== Exercise details ==
Write out the entries below exactly, but only from the line containing "Shop UPPAbaby REMI" through the line containing "Men’s Michael Kors", and without the pictures.

== Records provided ==
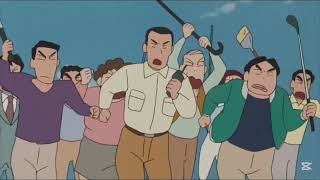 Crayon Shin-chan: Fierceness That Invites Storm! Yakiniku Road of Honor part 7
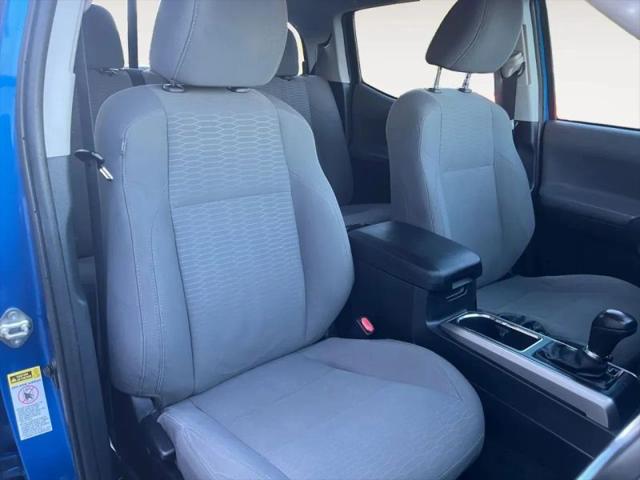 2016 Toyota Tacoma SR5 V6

* * *

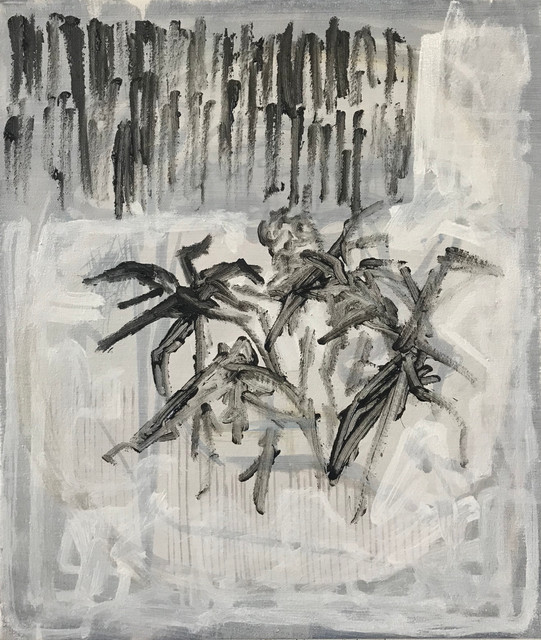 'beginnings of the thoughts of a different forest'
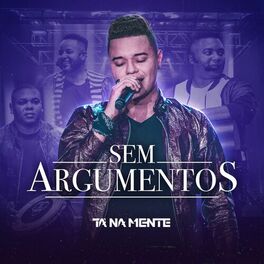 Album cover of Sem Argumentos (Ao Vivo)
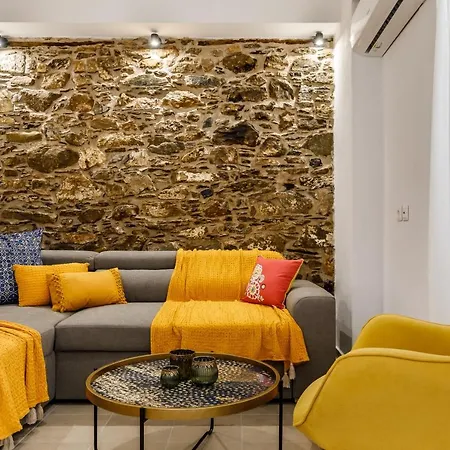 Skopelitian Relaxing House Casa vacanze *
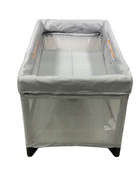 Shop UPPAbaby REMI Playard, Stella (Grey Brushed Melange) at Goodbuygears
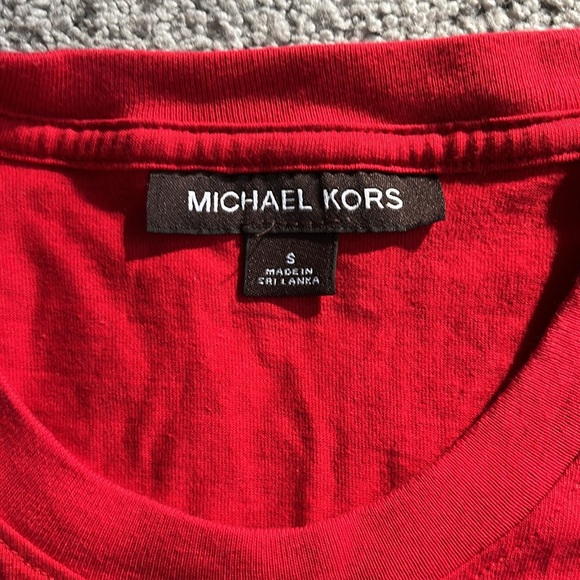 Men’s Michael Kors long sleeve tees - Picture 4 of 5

--

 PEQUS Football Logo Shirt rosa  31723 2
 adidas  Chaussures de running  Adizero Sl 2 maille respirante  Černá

== Solution ==
 Shop UPPAbaby REMI Playard, Stella (Grey Brushed Melange) at Goodbuygears
 Men’s Michael Kors long sleeve tees - Picture 4 of 5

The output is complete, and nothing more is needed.